During 1997, Carolyn Williams, President, Bronx Community College; Margaret Harrington, Chief Executive, New York City School Programs; and I visited South Africa to help local teams plan and to begin discussing the creation of a national partnership center that would offer teams a long-term resource. In 1997, Ford awarded planning or full grants to four of the original five universities and the Northern Teknikon Transvaal, and South African teams visited New York-area sites and participated in the national UPP meeting in Phoenix.
Through future reciprocal visits, Americans and South Africans will assist and learn from one another. In addition, theCenter will help South Africans determine if a South African partnership center is desirable. From July 31-August 7, 1998, in conjunction with South African colleagues, the Center will co-sponsor a Study Trip/Conference in Cape Town and Durban.

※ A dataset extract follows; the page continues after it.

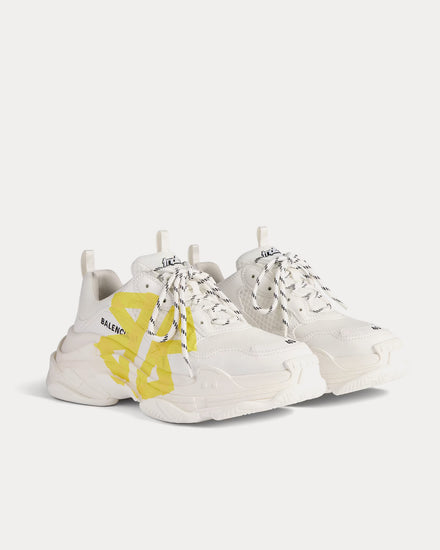 Balenciaga Triple S Tape Type White / Yellow Low Top Sneakers - 3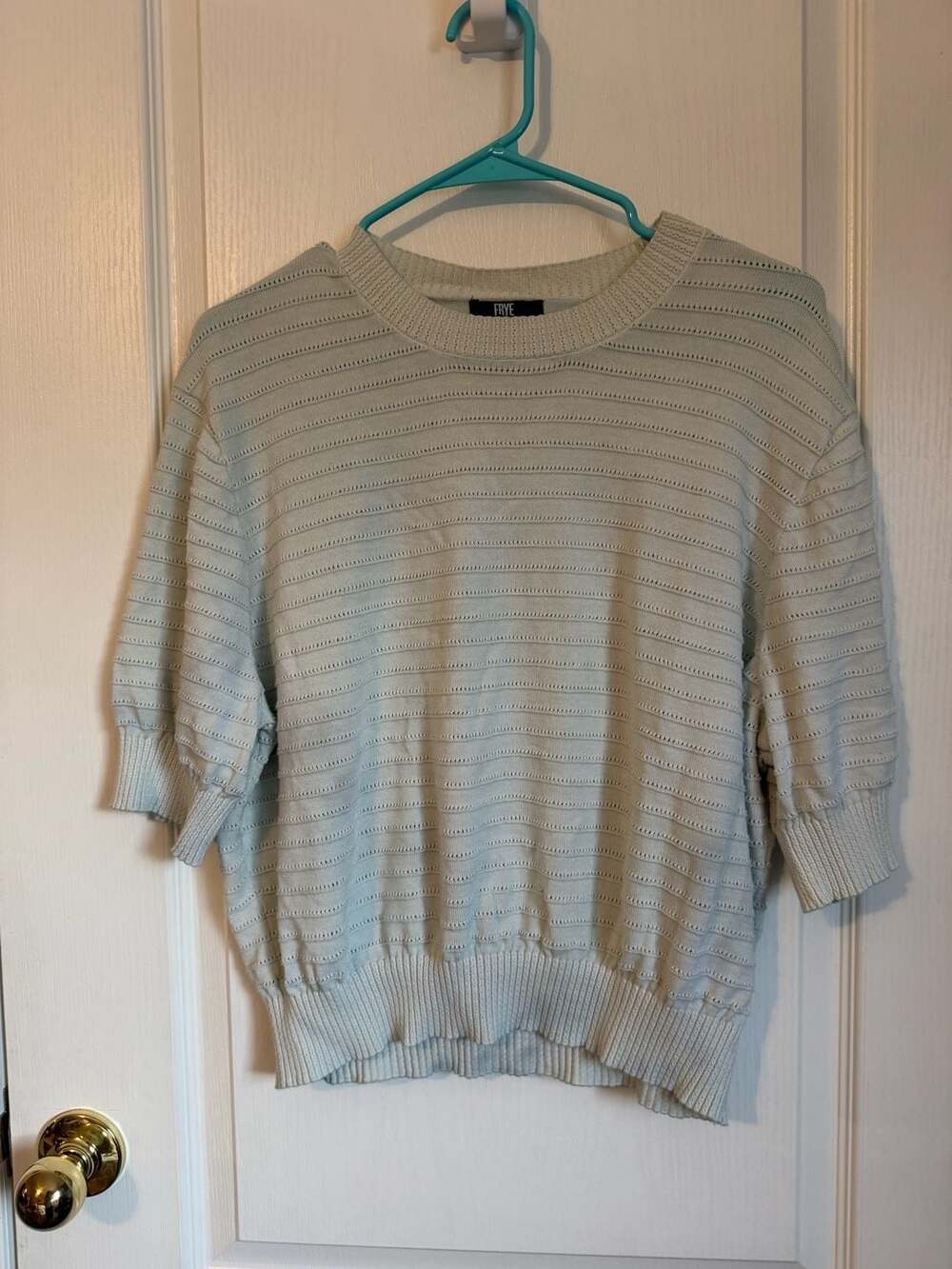 Frye Sweater Size XL Light Green Cotton Short Sleeve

It seems to me that rich potential exists, whatever the form South Africans pursue partnerships. The value of a partnership emerges from how a team sets goals, sustains membership, incorporates newcomers, and makes ongoing decisions in ways that respect an agreed-upon plan and tap into the energy and passion of team members simultaneously.
South African and American leaders recognize that the educational, political and ethical challenges they confront are so formidable and interdependent that no one institution or sector of society can engage them alone. Both countries recognize that alliances between groups and institutions historically at odds or distant from one another may represent the direction of the future. No group can rebuild District Six by itself.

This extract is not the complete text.